Why a healthy diet isn’t enough to supply this much-needed nutrient.

You are a great mom. You feed your kids a healthy diet full of fruits, vegetables, dairy products and protein. So your kids don’t need supplements, right? Not true, say pediatricians, nutritionists and growth specialists. Vitamin D deficiency has been implicated as a contributor to everything from slow growth to weight gain to osteoporosis and even depression. Even doctors who are not on the supplement bandwagon are making an exception here.

Why Foods Are Not Enough

Isn’t a healthy diet enough? Why is this vitamin different? The answer is sun exposure. If, like many of our ancestors, we spent 12 hours a day in the sun without sunscreen, we likely would not need supplements. However, modern lifestyles don’t include such long hours in the sun’s rays. Besides, spending so much time in the sun is not advisable; longer life expectancies and increased ozone levels mean that the occurrence of skin cancer is on the rise.
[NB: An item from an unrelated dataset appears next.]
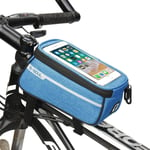 GRTG Waterproof Bicycle Handlebar Bag 6 Inch Phone Holder Bike Bicycle Front Tube Bag Cycling Accessories Frame Waterproof Front Bags Cell Mobile Phone Case Blue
In a study published in the June issue of the medical journal Pediatrics, the authors found that even in sunny Georgia, more than half of the teenagers tested had vitamin D insufficiency and 28 percent had full-blown vitamin D deficiency. To help your kids avoid vitamin D insufficiency, you will likely need to supplement. In 2008, the American Academy of Pediatrics (AAP) increased its recommendation from 200IU, or International Units, to 400IU. For comparison, 1 IU is about equal to 40 micrograms. Many experts say that even that is not enough. While it may be sufficient to prevent rickets, a disorder that leads to softening and weakening of the bones, it may not be enough for optimal growth and health.

For now, make sure your kids get the 400IU supplement dose recommended by the AAP. In addition, offer them foods that are rich in vitamin D such as fish, eggs and fortified cereals. Be careful not to over-supplement. According to the National Institutes of Health, levels over 2,000IU may be dangerous for children.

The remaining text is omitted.